In place of transparency, the government has tried hyperbole, disinformation and scaremongering, with a classic example of this being the infantile and dishonest “public information and education campaign” put together by advertising agency FCB New Zealand at a cost to the taxpayer of $4 million.
The sole aim seemed to be to frighten New Zealanders into thinking our water infrastructure is in a terrible state likely to result in failure of supply or widespread illness and thus soften us up for the hijacking of council-owned assets and the removal of democratic accountability mechanisms.
In actual fact most council manage their water infrastructure efficiently and safely. In the OECD New Zealand’s water quality is highly rated.
If the government is truly trying only to ensure a quality water supply now and into the future then they could take a huge amount of the heat out of the opposition to the Three Waters project by preventing the privatisation of our water assets now or at any time in the future and also absolutely removing any right for the payment of any type of water royalty to any persons or groups.
New Zealanders should be given the right to decide what type of government they want: one that serves all citizens equally, or one that recognises a minority racial group as having rights that trump those of the majority and this can only be fairly done by a binding referendum.

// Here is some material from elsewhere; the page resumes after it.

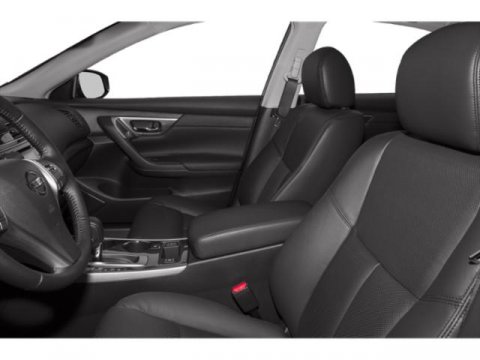 Vehicle image 12 of 21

This doesn’t mean sweeping aside Maori rights. But it’s one thing to treat Maori fairly and respectfully, as is their due, and quite another to undermine the fundamental democratic principles from which all New Zealanders – Maori, Pakeha and everyone else – benefit.
People of Maori descent enjoy the same rights as the rest of us. These include the right to stand for councils and to get elected, as many have done. That would provide the opportunity to be represented in the running of a legitimately constituted Three Waters governance structure. But the powerful iwi interests that influence the government (and in particular Labour’s Maori caucus, which is a power centre in its own right) want to bypass that process and enjoy a seat at the table as of right.
To put it another way, the Three Waters project, as it stands, involves replacing democracy with a form of race based government.